The hardness of computing inverse Say we have a one-to-one (total) function $f:\mathbb{N}\to\mathbb{N}$ and a Turing-machine $T_f$ that computes it. Suppose further that $T_f$ runs in polynomial time wrt. length of the input.

Are there functions $f$ that are computable in polynomial time but whose inverse is known not to be computable in polynomial time?

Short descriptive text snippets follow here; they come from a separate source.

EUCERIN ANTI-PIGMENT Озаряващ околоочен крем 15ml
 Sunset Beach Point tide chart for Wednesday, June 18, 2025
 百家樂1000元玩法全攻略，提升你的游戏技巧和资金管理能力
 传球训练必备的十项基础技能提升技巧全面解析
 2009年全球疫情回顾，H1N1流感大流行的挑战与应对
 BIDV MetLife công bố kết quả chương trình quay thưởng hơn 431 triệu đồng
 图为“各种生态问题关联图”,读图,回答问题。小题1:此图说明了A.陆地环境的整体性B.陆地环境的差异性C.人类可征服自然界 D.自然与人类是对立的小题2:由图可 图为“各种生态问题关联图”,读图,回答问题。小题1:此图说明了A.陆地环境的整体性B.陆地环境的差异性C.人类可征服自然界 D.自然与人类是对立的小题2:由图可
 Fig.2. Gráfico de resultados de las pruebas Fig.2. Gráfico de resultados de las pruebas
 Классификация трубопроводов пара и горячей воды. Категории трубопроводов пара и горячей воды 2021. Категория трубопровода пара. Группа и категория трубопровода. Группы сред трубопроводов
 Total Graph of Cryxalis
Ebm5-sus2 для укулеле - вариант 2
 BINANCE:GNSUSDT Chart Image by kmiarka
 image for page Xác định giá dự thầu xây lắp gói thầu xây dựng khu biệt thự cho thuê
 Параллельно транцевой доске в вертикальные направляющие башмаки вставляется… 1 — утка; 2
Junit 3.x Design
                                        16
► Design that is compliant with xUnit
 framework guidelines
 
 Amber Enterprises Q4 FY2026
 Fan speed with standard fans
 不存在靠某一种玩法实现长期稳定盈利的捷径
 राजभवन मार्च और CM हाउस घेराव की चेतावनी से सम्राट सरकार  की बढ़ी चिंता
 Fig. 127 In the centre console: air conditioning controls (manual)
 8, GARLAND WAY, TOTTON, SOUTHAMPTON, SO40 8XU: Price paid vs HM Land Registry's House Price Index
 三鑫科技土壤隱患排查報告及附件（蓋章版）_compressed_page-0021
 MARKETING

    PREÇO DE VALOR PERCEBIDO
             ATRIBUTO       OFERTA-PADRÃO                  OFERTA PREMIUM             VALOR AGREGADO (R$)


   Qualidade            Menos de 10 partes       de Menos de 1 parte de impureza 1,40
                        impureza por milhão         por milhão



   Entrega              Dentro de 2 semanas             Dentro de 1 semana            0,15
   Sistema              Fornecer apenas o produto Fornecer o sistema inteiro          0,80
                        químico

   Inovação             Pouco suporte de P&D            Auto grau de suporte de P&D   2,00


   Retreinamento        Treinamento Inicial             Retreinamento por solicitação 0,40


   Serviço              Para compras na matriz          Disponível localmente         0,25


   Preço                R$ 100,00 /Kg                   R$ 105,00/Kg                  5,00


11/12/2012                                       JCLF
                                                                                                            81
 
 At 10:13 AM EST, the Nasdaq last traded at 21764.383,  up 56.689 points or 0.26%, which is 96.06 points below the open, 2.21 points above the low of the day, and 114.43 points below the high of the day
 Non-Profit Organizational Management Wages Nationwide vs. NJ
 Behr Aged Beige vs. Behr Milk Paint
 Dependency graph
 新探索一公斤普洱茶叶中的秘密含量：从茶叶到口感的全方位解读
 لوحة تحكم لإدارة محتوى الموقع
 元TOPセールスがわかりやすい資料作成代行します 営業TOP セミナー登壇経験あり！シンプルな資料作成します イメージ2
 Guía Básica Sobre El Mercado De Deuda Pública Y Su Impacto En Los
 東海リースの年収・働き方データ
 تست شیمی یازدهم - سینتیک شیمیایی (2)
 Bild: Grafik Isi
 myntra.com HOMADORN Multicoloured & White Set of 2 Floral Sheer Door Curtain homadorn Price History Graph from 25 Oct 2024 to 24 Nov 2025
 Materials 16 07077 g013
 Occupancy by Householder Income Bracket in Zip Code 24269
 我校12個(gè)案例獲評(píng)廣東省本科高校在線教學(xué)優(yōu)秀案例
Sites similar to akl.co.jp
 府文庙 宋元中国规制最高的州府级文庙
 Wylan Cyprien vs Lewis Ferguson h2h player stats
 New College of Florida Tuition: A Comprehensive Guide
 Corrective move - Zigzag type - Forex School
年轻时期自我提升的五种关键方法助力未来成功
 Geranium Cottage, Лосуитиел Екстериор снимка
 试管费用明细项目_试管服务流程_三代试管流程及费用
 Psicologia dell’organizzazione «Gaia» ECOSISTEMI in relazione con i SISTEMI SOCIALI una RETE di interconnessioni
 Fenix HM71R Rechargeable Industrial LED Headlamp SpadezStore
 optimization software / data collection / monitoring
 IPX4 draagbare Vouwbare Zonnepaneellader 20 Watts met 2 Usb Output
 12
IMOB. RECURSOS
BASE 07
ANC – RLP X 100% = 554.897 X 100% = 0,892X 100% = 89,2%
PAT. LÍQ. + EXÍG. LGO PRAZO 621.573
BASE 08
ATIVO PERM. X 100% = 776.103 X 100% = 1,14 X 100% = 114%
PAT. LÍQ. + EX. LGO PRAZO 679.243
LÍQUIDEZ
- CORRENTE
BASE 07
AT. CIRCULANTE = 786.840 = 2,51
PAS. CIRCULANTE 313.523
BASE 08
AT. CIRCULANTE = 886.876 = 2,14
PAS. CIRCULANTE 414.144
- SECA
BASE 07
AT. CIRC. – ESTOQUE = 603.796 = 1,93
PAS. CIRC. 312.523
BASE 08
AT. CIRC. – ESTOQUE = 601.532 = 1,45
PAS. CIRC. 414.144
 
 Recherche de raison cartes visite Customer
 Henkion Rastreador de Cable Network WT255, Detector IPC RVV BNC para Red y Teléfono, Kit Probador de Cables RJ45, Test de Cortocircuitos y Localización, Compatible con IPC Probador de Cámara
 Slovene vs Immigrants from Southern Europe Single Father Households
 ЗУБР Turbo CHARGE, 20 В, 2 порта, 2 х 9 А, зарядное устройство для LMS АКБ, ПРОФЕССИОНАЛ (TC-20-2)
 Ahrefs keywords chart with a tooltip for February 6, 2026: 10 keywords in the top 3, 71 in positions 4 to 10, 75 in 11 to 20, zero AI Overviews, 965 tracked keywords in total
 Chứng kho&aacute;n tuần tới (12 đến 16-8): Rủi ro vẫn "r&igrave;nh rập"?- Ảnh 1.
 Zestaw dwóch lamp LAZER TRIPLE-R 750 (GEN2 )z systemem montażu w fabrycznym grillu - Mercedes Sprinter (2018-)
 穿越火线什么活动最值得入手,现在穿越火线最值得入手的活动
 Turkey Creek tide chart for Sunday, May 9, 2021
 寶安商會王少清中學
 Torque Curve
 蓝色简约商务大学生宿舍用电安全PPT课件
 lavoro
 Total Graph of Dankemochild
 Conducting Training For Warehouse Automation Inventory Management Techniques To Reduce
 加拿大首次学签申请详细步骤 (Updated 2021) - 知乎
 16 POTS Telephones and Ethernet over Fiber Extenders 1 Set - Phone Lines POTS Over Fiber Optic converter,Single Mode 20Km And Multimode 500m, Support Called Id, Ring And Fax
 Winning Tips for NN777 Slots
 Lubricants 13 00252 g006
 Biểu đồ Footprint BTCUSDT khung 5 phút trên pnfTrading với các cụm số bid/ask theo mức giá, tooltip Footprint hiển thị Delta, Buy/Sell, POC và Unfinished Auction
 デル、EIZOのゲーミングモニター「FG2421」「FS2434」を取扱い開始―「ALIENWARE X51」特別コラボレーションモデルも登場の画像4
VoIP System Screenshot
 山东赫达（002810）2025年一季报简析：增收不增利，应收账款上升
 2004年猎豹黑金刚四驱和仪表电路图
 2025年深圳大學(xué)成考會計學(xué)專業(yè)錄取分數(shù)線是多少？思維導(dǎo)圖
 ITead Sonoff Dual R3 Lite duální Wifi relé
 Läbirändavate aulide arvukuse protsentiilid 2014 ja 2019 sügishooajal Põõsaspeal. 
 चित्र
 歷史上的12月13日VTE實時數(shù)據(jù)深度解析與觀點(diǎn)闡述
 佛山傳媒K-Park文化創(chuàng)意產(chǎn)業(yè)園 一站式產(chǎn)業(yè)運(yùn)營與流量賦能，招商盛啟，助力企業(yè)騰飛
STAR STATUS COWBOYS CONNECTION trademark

Does the situation change if we drop the one-to-one requirement and define the inverse as, say, min$(f^{-1})$? How about if we change the complexity class in question?
 A: If one adds the condition of honesty (that $|x| \leq poly(|f(x)|)$, as pointed out by Dorais in the comments), then this is precisely the question of whether (complexity-theoretic, as opposed to cryptographic) one-way functions exist. They exist if and only if $\mathsf{P} \neq \mathsf{UP}$ (Grollman & Selman and Ko). Whether $\mathsf{P} = \mathsf{UP}$ or not is a well-known open complexity question equivalent to the OQ.
That being said, there are many candidates for such functions, such as those that are used in cryptography. For example, integer multiplication is a candidate - it is known to be computable in polynomial-time, it is honest, if we restrict to multiplication of pairs $(a,b)$ where $a < b$ and $a,b$ are both prime, then it is injective, and its inverse is not known to be computable in polynomial time. Another example comes from Tensor Isomorphism: given a tensor $T \in \mathbb{F}^n \otimes \mathbb{F}^m \otimes \mathbb{F}^p$ and $g \in GL_n \times GL_m \times GL_p$, consider the function $(T,g) \mapsto (T, g \cdot T)$. This function is honest and injective, but inverting it is TI-complete. This was suggested as the basis for a bunch of cryptographic primitives in Ji-Qiao-Song-Yun.
Lastly, some results are known regarding other complexity classes, or weakening the one-to-one assumption. For example:

*

*Say that a function $f$ (not necessarily one-to-one) is "invertible in polynomial time" if there is a poly-time-computable function $g$ such that $f(g(y)) = y$ for all $y \in \text{Image}(f)$. If every honest poly-time $f$ had such an inverse, then $\mathsf{P} = \mathsf{NP}$. (Proof: consider the function $f(\varphi,x) = \varphi$ if $\varphi$ is a 3cnf formula and $\varphi(x)=T$, and otherwise $f(\varphi,x)=0$. An inverse to this function lets you compute satisfying assignments to 3cnf's.)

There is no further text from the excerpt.